Start-Up Brings Retailers Aboard Mobile Coupon Bandwagon

In describing mobile couponing, visionaries used to paint a picture of an SMS message from Starbucks delivered to a consumer’s phone whenever he passed a retail outlet. So far, that vision hasn’t come to fruition. A start-up called Cellfire, which has been testing its offering for the last six months and is now going national with Cingular, hopes its solution finds more success.

The company has reason for hope, if uptake from advertisers is any indication. Cellfire has signed well-known national marketers like T.G.I. Friday’s, 1-800-Flowers.com, Hollywood Video and Carlson Travel. Coupons from those companies will now be distributed nationally. The company is also in discussions with other carriers so it can expand distribution beyond the Cingular network.

In initial testing, which took place in California, Cellfire saw redemption rates that are likely to spur optimism. The company has seen 15 to 25 percent redemption rates on coupons it hass delivered, but it won’t say how large the user base was during the testing phase.

“We’re basically going national right now so we’re really just stating to ramp up the user base,” Brent Dusing, Cellfire’s CEO, told ClickZ.

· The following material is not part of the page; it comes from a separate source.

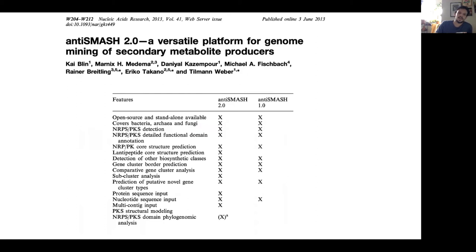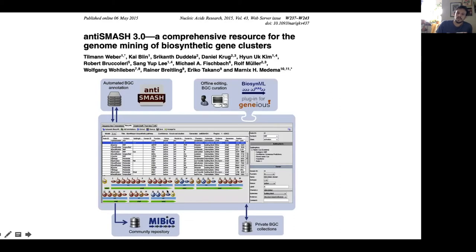Over the decade or so that antiSMASH has been available, there have been numerous improvements, with new versions released roughly every two years. Versions 1 and 2 are compared in the publication, where version 2 retains most of version 1's features but adds structural modeling and protein sequence input. With version 3, MiBIG was released — a curated repository of biosynthetic gene clusters from genomes available in RefSeq — and this version also enabled a plugin for Geneious.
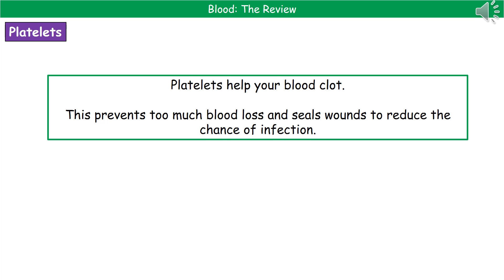The third part of blood we need to know about are the platelets. Platelets' whole purpose is to help your blood to clot. There are two really important reasons behind this: first, it prevents too much blood loss — you're not going to bleed to death from a paper cut because of your platelets. And secondly, it seals those wounds, which helps reduce your chance of infection, because if the wound is sealed, then bacteria and viruses, for example, can't get directly into your bloodstream.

Cellfire’s system is based on a downloadable Java application, which it’s distributing via Motorola’s HelloMoto.com downloads section and Cingular’s mobile site. The program is also available on Cellfire.com, which Dusing said is being promoted via an online ad campaign. Additionally, Cingular network users can text 22888 and download the software. Some advertisers are displaying signage mentioning the short code in their retail locations. Cellfire also hopes a “tell a friend” feature helps it get installed on more handsets. Dusing says the application is compatible with 43 different phone models.

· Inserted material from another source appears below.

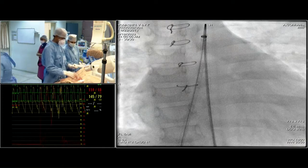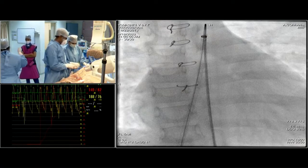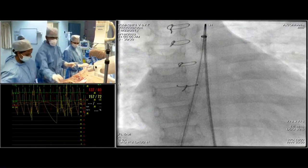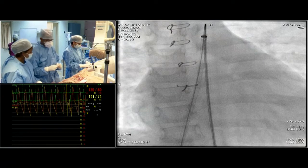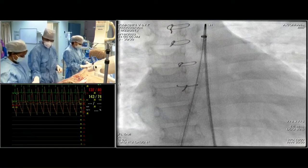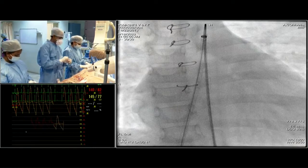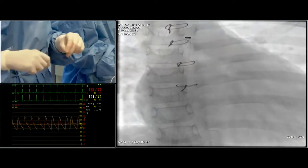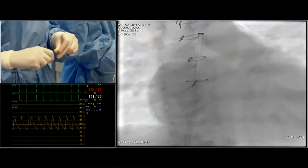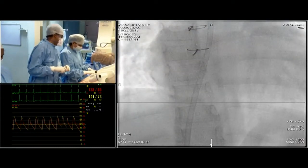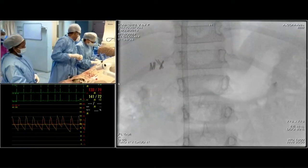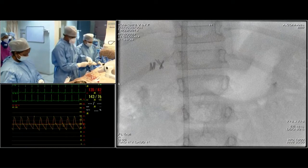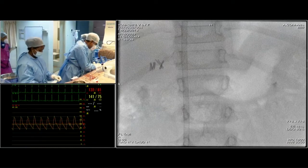I'm flushing the lines. The pigtail catheter helps identify the anatomical location of the non-coronary cusp — I will place it at the lowest point of the NCC. We should limit contrast use — in very sick patients with renal failure, creatinine around 3-4, you must minimize contrast. Most steps can be done using TEE, echocardiogram, or anatomical landmarks alone.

When asked whether a download and install process could be an obstacle to the solution’s adoption, Dusing argued consumers have grown accustomed to downloading ringtones and games to their phones.

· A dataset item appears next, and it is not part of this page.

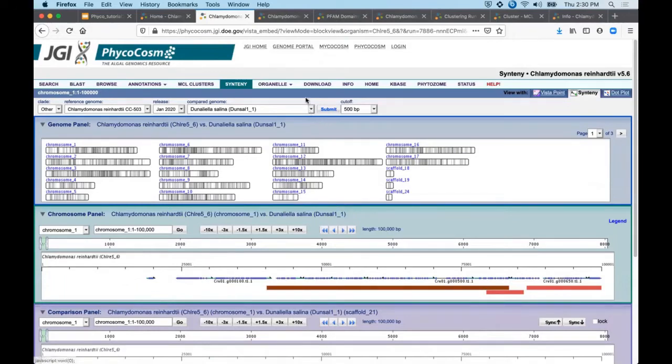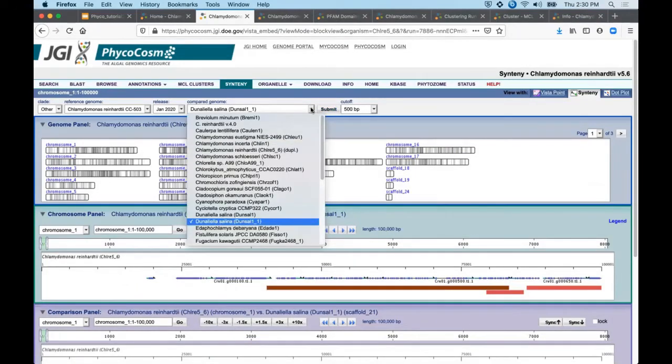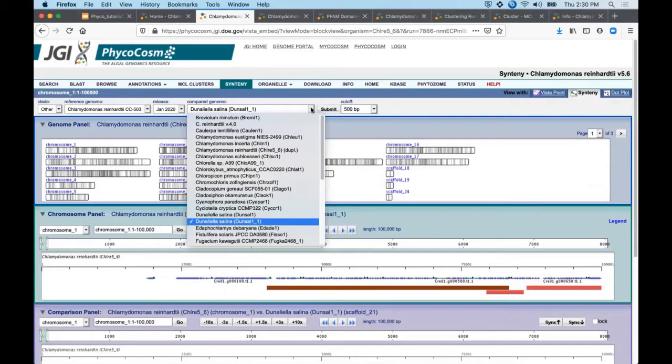You can select from a list of target genomes with pre-computed alignments from this drop-down menu. A subset of these are represented in the Vista histogram tracks of the Phycocosm genome browser.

Once the application is installed, consumers can browse for offers from advertisers in their area. To redeem a coupon, users show it to cashiers when making a purchase. The coupon code is entered into the point-of-sale system, so retailers are able to track conversions and give the appropriate discount. Dusing says the advertisers Cellfire is working with already have systems installed that are capable of redeeming such coupons.

“It’s very easy for retailers to do this,” said Dusing.

Dusing says pricing for advertisers varies depending on the type of program.